__Data for this task__.
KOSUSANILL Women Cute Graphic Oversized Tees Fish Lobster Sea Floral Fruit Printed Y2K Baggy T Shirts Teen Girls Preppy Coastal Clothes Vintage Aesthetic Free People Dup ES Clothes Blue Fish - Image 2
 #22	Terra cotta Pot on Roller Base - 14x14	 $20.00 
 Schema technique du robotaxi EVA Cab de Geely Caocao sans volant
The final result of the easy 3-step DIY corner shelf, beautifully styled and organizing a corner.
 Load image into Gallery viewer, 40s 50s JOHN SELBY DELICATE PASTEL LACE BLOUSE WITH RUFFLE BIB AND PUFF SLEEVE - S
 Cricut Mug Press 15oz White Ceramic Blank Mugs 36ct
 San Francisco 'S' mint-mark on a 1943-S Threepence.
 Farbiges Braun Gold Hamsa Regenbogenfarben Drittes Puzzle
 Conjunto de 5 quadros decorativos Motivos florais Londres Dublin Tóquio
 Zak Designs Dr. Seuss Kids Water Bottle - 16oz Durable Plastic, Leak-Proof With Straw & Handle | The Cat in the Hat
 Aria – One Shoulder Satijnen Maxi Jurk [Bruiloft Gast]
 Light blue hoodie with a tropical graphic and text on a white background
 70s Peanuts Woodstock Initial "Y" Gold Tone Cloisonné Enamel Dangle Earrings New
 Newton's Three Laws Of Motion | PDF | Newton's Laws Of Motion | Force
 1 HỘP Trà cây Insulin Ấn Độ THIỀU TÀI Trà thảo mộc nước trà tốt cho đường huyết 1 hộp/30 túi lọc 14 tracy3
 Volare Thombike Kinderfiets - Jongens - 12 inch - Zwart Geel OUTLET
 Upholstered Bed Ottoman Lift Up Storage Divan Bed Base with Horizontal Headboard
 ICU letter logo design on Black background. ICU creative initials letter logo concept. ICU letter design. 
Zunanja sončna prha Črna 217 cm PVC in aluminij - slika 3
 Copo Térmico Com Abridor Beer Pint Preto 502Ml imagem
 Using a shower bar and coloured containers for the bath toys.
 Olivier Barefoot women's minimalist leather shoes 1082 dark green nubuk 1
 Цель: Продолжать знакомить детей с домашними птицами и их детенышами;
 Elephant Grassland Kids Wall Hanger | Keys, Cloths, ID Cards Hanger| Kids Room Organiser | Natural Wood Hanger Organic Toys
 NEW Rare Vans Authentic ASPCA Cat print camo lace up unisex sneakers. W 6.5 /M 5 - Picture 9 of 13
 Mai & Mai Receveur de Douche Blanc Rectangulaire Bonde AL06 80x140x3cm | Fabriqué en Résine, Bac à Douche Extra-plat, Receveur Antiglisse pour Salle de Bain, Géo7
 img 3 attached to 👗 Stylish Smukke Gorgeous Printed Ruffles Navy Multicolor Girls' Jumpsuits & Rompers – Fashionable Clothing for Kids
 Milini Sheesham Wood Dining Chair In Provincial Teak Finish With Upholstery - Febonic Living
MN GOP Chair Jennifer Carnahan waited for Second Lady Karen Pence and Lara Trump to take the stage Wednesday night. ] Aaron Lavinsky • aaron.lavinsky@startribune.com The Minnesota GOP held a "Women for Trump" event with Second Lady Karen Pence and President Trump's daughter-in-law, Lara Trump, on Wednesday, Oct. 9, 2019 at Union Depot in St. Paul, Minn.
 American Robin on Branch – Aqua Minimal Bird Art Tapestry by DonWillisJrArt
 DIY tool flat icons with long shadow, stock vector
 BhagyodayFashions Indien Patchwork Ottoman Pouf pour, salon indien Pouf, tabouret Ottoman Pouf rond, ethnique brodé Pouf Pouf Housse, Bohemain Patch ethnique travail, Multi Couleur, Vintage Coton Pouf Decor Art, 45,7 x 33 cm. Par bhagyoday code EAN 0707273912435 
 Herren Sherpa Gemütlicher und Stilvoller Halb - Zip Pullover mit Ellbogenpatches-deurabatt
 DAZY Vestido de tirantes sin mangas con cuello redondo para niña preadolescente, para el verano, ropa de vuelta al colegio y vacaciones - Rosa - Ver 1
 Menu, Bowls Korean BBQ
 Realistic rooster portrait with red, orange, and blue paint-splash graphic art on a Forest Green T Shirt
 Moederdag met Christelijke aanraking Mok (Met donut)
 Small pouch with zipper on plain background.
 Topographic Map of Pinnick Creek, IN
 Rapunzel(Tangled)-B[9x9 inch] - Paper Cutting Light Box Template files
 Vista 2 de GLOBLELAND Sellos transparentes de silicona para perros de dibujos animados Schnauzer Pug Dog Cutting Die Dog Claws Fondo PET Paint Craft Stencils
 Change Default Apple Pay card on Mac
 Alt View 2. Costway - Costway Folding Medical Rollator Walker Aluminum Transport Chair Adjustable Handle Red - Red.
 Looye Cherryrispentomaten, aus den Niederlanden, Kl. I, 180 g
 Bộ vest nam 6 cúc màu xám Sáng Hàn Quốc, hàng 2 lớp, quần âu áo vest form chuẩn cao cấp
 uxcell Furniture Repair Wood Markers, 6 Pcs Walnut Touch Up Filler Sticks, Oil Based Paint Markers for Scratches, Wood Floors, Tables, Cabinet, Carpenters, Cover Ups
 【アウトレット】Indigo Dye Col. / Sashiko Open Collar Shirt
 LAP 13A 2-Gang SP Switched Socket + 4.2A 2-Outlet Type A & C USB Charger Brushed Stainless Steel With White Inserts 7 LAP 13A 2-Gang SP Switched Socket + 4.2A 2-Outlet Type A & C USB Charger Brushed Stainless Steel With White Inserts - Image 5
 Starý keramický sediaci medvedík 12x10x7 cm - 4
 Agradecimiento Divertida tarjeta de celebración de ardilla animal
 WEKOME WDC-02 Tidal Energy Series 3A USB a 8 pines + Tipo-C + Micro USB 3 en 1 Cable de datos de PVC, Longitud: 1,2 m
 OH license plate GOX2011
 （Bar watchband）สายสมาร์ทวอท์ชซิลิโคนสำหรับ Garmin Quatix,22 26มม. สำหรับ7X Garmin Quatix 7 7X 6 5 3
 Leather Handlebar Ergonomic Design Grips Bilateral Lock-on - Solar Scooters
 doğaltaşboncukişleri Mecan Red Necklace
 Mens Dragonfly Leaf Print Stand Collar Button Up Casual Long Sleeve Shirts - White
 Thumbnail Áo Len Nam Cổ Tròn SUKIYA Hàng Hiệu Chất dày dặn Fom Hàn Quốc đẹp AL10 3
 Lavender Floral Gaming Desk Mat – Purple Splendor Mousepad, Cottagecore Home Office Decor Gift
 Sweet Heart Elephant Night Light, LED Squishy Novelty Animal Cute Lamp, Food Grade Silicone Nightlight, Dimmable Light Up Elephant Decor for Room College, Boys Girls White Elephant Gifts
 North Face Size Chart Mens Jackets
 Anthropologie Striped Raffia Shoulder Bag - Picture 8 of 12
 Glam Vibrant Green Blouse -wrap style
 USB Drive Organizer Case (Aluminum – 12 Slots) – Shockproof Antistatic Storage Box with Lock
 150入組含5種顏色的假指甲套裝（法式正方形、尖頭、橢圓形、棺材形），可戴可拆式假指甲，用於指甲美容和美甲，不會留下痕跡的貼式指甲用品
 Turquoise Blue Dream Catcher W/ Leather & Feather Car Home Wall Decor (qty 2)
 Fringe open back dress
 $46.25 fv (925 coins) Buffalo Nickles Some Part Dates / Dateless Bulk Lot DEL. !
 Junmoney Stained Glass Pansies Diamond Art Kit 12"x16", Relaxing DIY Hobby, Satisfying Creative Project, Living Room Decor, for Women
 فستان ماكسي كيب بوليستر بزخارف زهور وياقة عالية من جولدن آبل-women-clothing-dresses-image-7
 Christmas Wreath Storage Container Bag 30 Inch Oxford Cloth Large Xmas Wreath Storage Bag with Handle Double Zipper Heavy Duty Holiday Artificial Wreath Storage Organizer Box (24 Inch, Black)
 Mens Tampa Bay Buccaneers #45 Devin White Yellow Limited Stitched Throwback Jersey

__Task brief__. In the listing above, find each line with "background" and copy it.

__Reply to the task__.
 Light blue hoodie with a tropical graphic and text on a white background
 ICU letter logo design on Black background. ICU creative initials letter logo concept. ICU letter design. 
 Small pouch with zipper on plain background.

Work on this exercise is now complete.